A nation of sore losers and crybabies
Fri, Apr 2, 2010
Despite a frigid day out there today, April gives me hope. No, it’s not May but I know that the worst is behind us. The next snow storm may give us a few inches of the white stuff but it will be gone in a few short days as a new Spring tease brings some warm weather our way.

Growing up in California, April meant baseball, practices on balmy afternoons, the first full month of pro ball, an unmistakable mystique that, to this day, brings a light to my heart as bright and warm as a California sunset.

Sunday is opening day (Yankees at Red Sox) and it will feel like Spring is finally here. My soul will lift in a big way.

Over the years, baseball has taught me a lot — even the shameful records of Barry Bonds and Mark McGwire showed me something about the darker side of our nature — but most of what I learned was gained on the small diamond of Little League.

I learned to play to the best of my ability. I learned that, although I might not like an ump’s call, at the end of the day, it was his call that mattered, not how I felt. I learned that my opponent was not my enemy but just another player on the field, doing his best. I learned that, after the game, no matter the outcome, shaking my opponent’s hand, looking him in the eye and saying, “Good game,” was the honorable thing to do, the right thing.

Just because we lost a game didn’t mean we would lose them all. And just because we won again didn’t give us license to act like jerks and rub it in the faces of the vanquished.

Having grown up with that sense of fair play, of good sportsmanship — the civilized aspects of sports — it astounds me how some people are behaving themselves in the lead-up to, and the immediate days following, the passage of healthcare reform.

While politics is not sports (the results matter, ultimately), there are some similarities as far as winners and losers. In 1994, the Democrats were big losers just as in 2008, the Republicans lost big.

That’s the nature of democracy and, just as a fan has no control over whether their team wins or loses on any given day, a single vote rarely determines the outcome of an election. All we can hope is that our team brought their game on election day and the outcome works the way we’d hoped.

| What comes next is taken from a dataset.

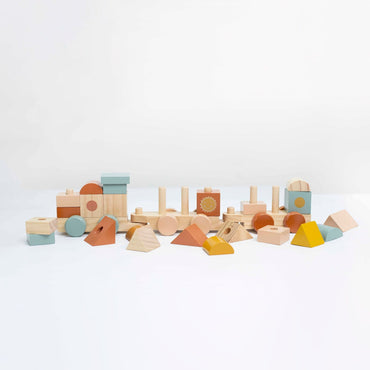 Wooden Block Train Set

However, what I’m seeing recently is thug behavior of the worst sort. Just today, governors from around the country received letters from fringe nuts calling themselves “the Guardians of the free Republics” stating that the governors have three days to resign from office or “will be removed from office,” letters that captured the attention of the FBI, at least.

The day before, Fox clown Sean Hannity called a group of supporters “Tim McVeigh wannabes” in an apparent joke that, I for one, fail to see as humor. Considering that McVeigh, antigovernment right-winger was responsible for the bloodiest act of domestic terrorism in the nation’s history, the comment seemed irresponsible at least and treasonous at worst.

And so many other acts of senseless stupidity and dangerous rhetoric — a right-wing blogger calling for people to throw rocks through the windows of Democratic offices, posting the home address and phone numbers of congress members, Sarah Palin advising to “lock and reload” while putting the image of a rifle scope’s crosshairs over the names of Congress members she doesn’t agree with — the list goes on.

Not just sore losers, but thugs. Instead of accepting a tough loss and changing the game plan, these kooks have resorted to vandalism and calls to violence. Which, the last time I checked, is not how our democracy works.

Intimidation through violence is not how our system works. It is counter to the principals on which our country was founded. It is antidemocratic in the worst aspects of the totalitarian impulse.

It’s time to get back on the Little League field and relearn the simple rules of being gracious in our losses and humble in victory. Only then, will our country regain the right to call itself “the greatest country in the world.”

Until then, we’re just a nation of sore losers and crybabies.